Control flags control the CPU’s operation. For example, they can cause the CPU to break after every instruction executes, interrupt when arithmetic overflow is detected, enter virtual-8086 mode, and enter protected mode.
Programs can set individual bits in the EFLAGS register to control the CPU’s operation. Examples are the Direction and Interrupt flags.
The Status flags reflect the outcomes of arithmetic and logical operations performed by the CPU. They are the Overflow, Sign, Zero, Auxiliary Carry, Parity, and Carry flags.
Their abbreviations are shown immediately after their names:
•The Carry flag (CF) is set when the result of an unsigned arithmetic operation is too large to fit into the destination.
•The Overflow flag (OF) is set when the result of a signed arithmetic operation is too large or too small to fit into the destination.
•The Sign flag (SF) is set when the result of an arithmetic or logical operation generates a negative result.
•The Zero flag (ZF) is set when the result of an arithmetic or logical operation generates a result of zero.
•The Auxiliary Carry flag (AC) is set when an arithmetic operation causes a carry from bit 3 to bit 4 in an 8-bit operand.
•The Parity flag (PF) is set if the least-significant byte in the result contains an even number of 1 bits.

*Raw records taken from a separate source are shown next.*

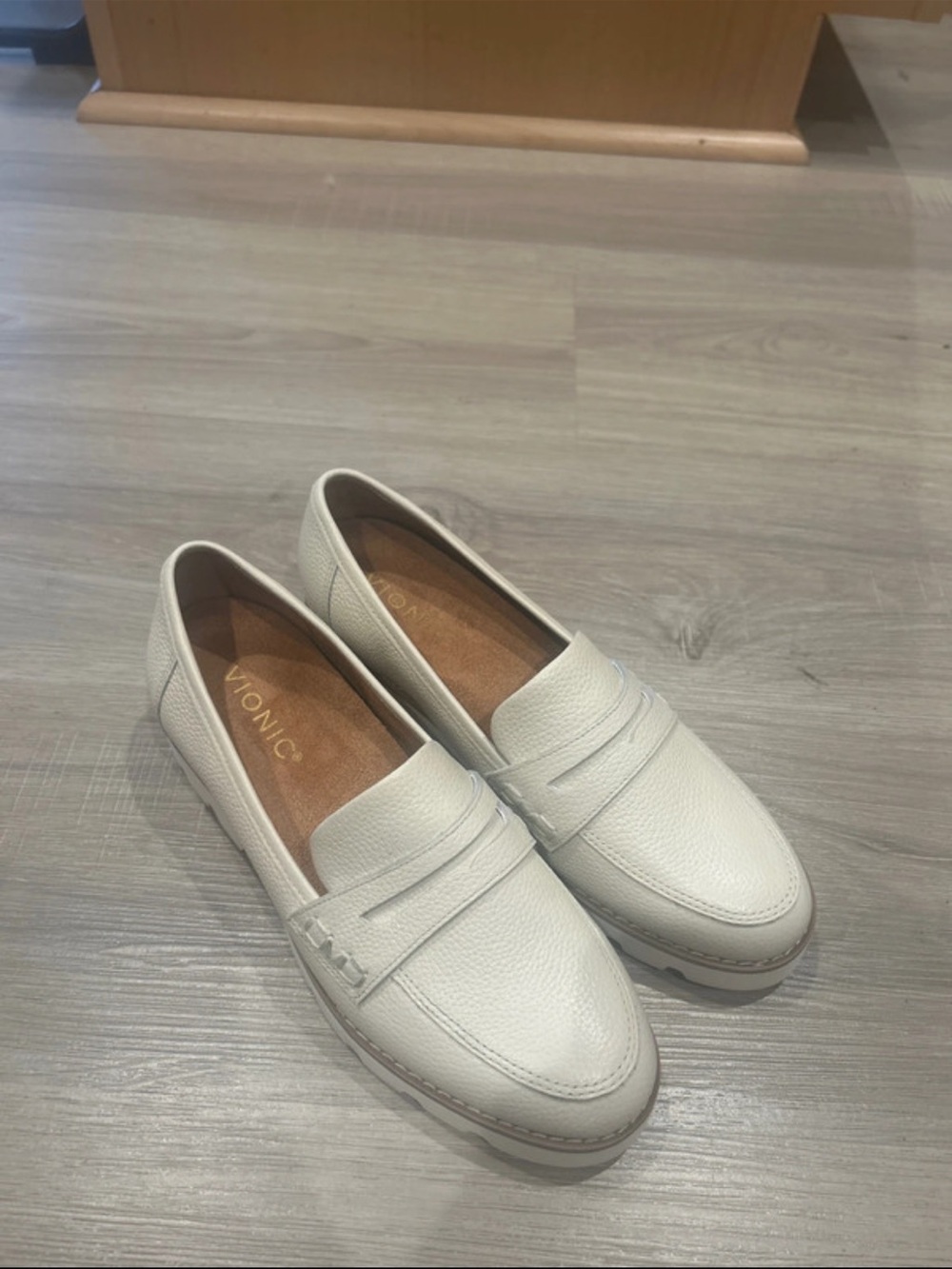 Vionic White Pebbled Cheryl II Loafers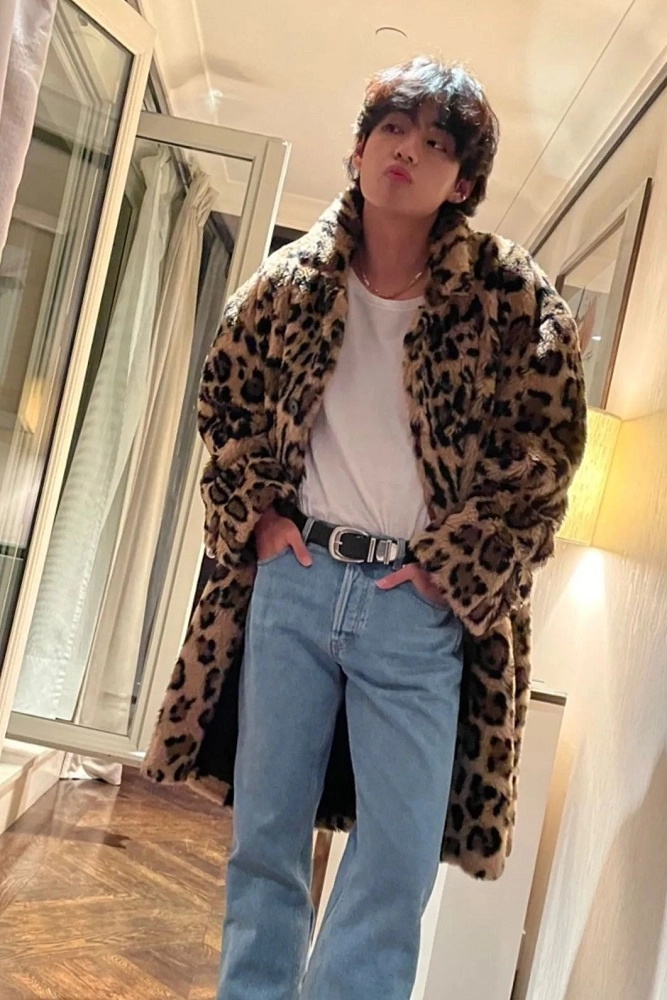 Brown Leopard Coat | Taehyung - BTS - Fashion Chingu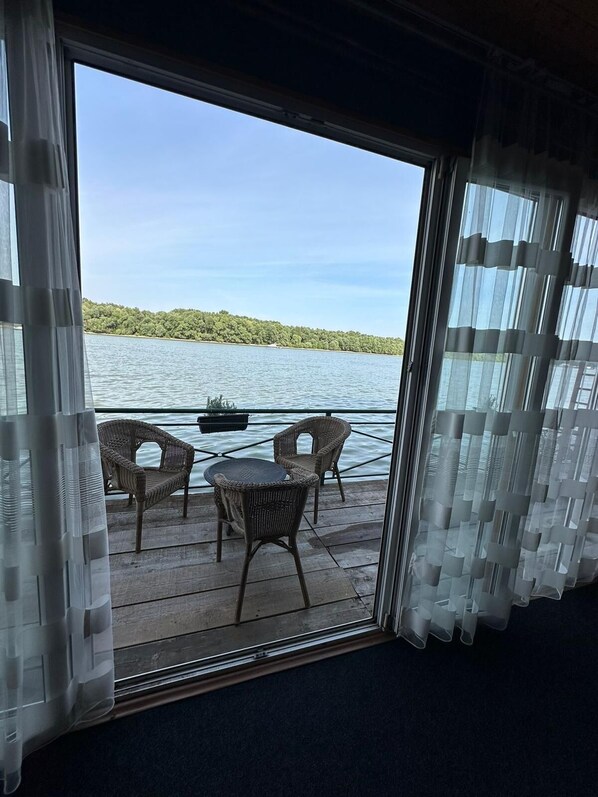 Deluxe Triple Room, Balcony, River View | Living area - Odelia hostel (Belgrade)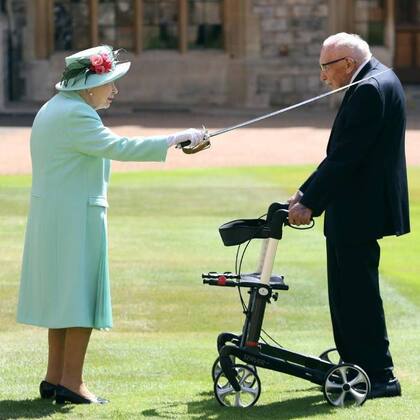 En julio del año pasado, la reina Isabel II de Inglaterra lo nombró a Tom Moore como caballero británico, un honor al que muy pocos ciudadanos del Reino Unido pueden acceder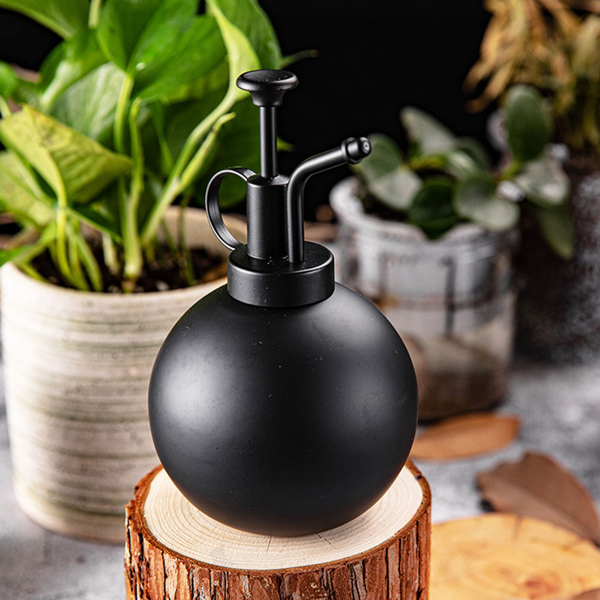500ml Watering Pot Vintage Hand Press Spray Bottle Garden Balcony Accessory Black-9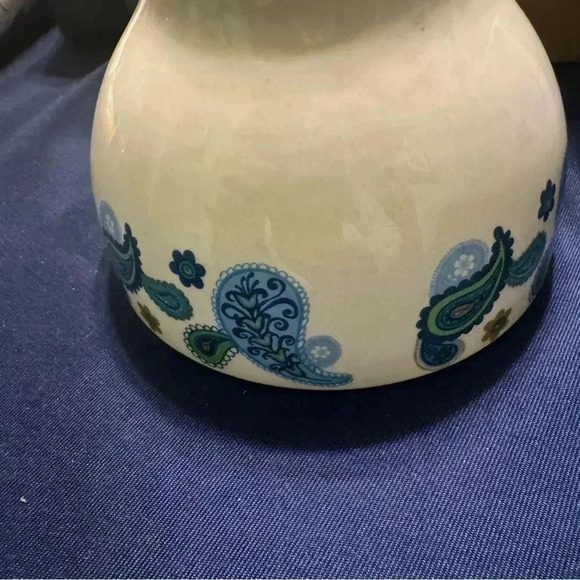 Two Paisley Print Royal Norfolk Bowls - Picture 6 of 8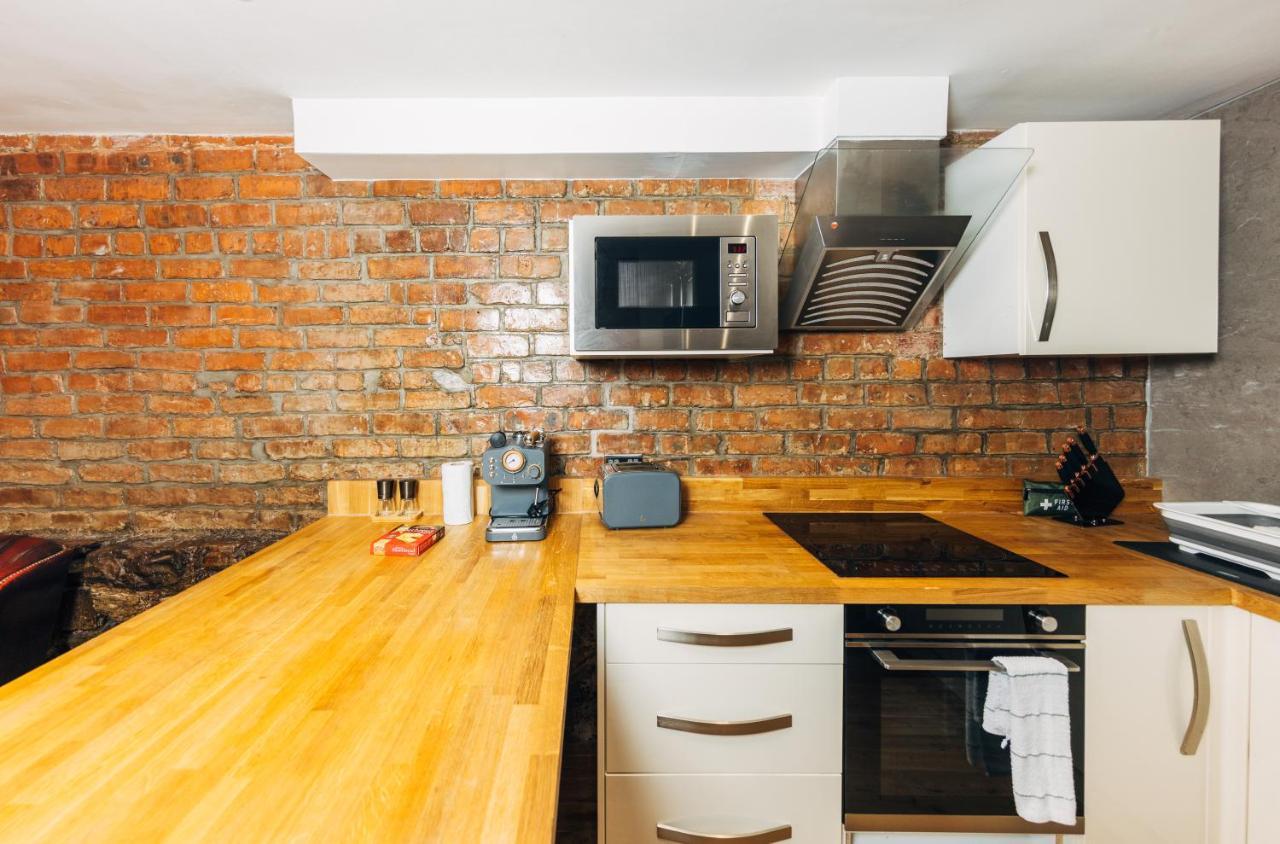 Superb Luxury Quality Central Apartment On Canal
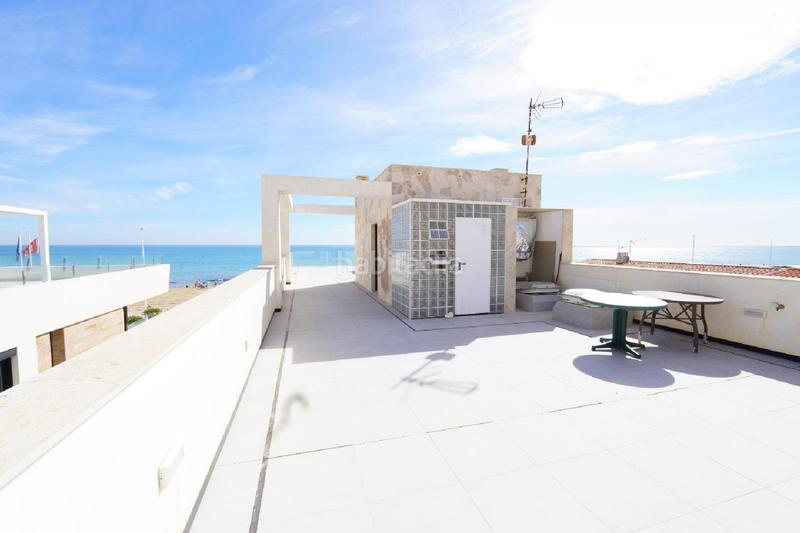 Foto 6a2859f3-42eb-4546-87a8-47a97e1568be. Chalet  nuevo primera linea playa la mata en Torrevieja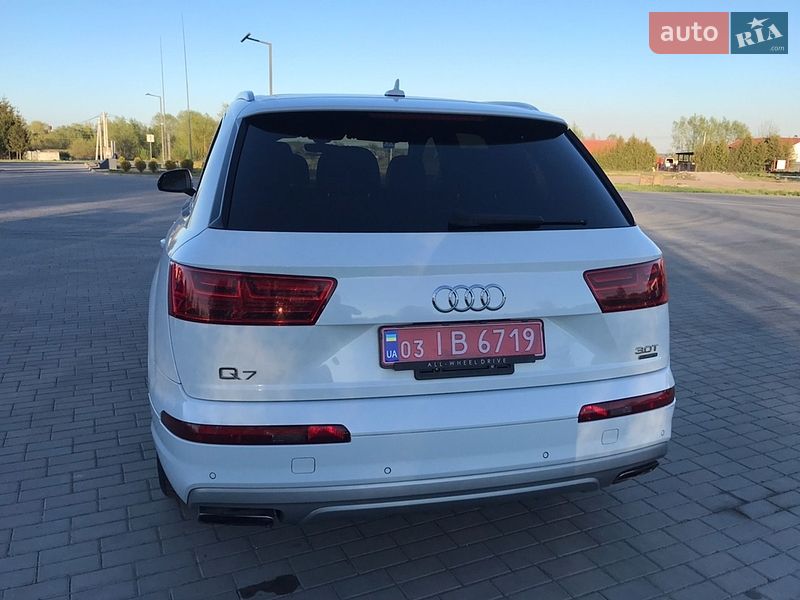 Внедорожник / Кроссовер Audi Q7 2017 в Сокале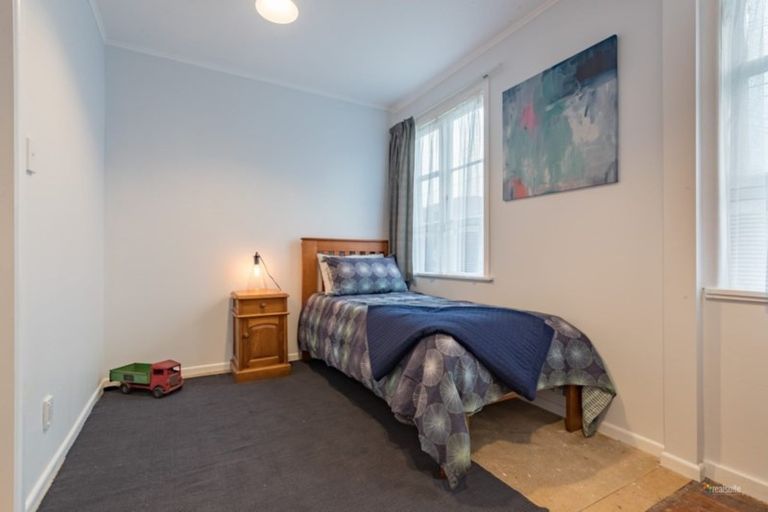 Photo of property in 18 Gibson Crescent, Naenae, Lower Hutt, 5011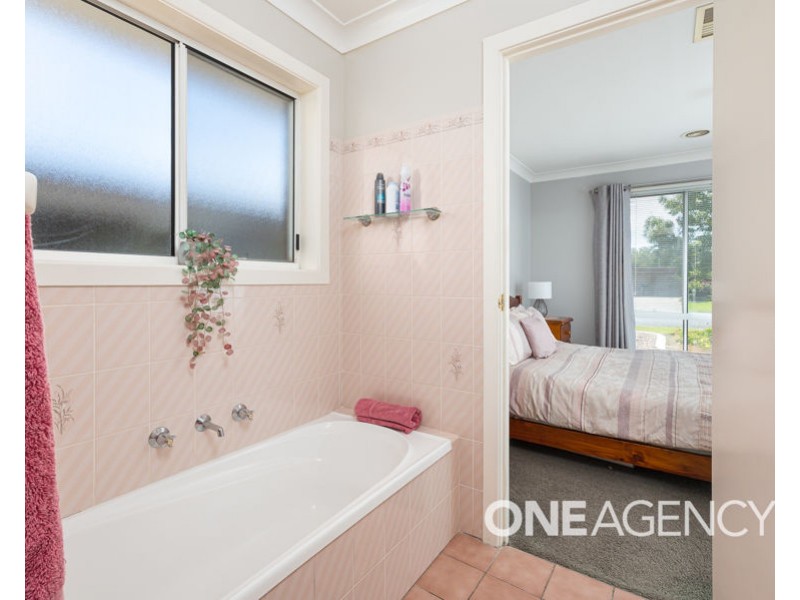 10 NARDOO STREET, Glenfield Park NSW 2650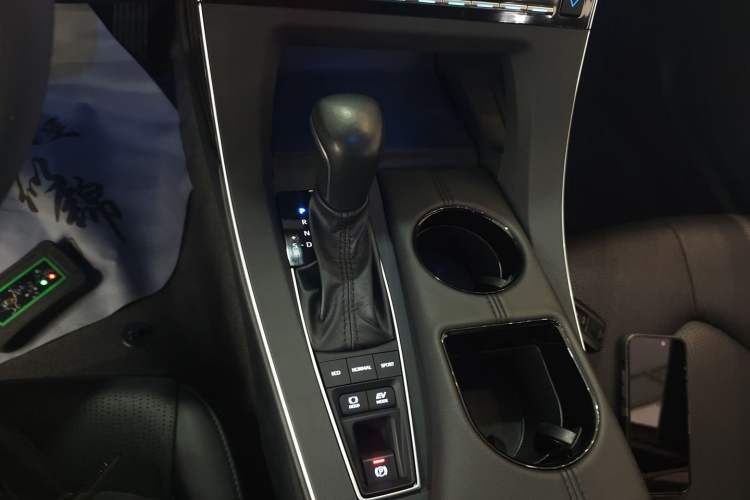 Used Toyota Avalon 2019 Dual-Engine 2.5L Luxury Edition China VI Standard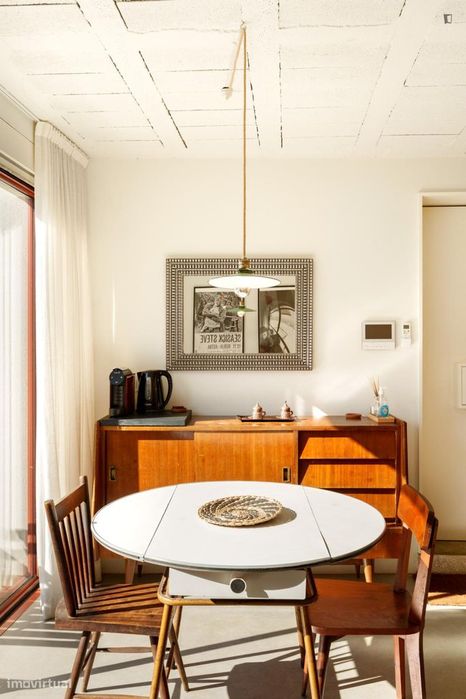 Apartamento com 1 quartos - localizado em Miragaia Porto
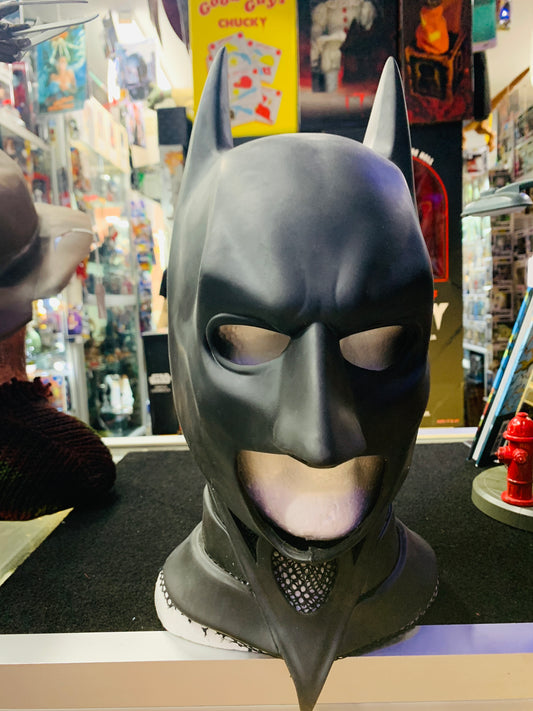 Batman silicone mark it’s come apart from neck still very cool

Otherwise, PF is clear. In general, it is used for error checking when there is a possibility that data might be altered or corrupted.
MMX technology was added onto the Pentium processor by Intel to improve the performance of advanced multimedia and communications applications. The eight 64-bit MMX registers support special instructions called SIMD (Single-Instruction, Multiple-Data). As the name implies, MMX instructions operate in parallel on the data values contained in MMX registers. Although they appear to be separate registers, the MMX register names are in fact aliases to the same registers used by the floating-point unit.
The x86 architecture also contains eight 128-bit registers called XMM registers. They are used by streaming SIMD extensions to the instruction set.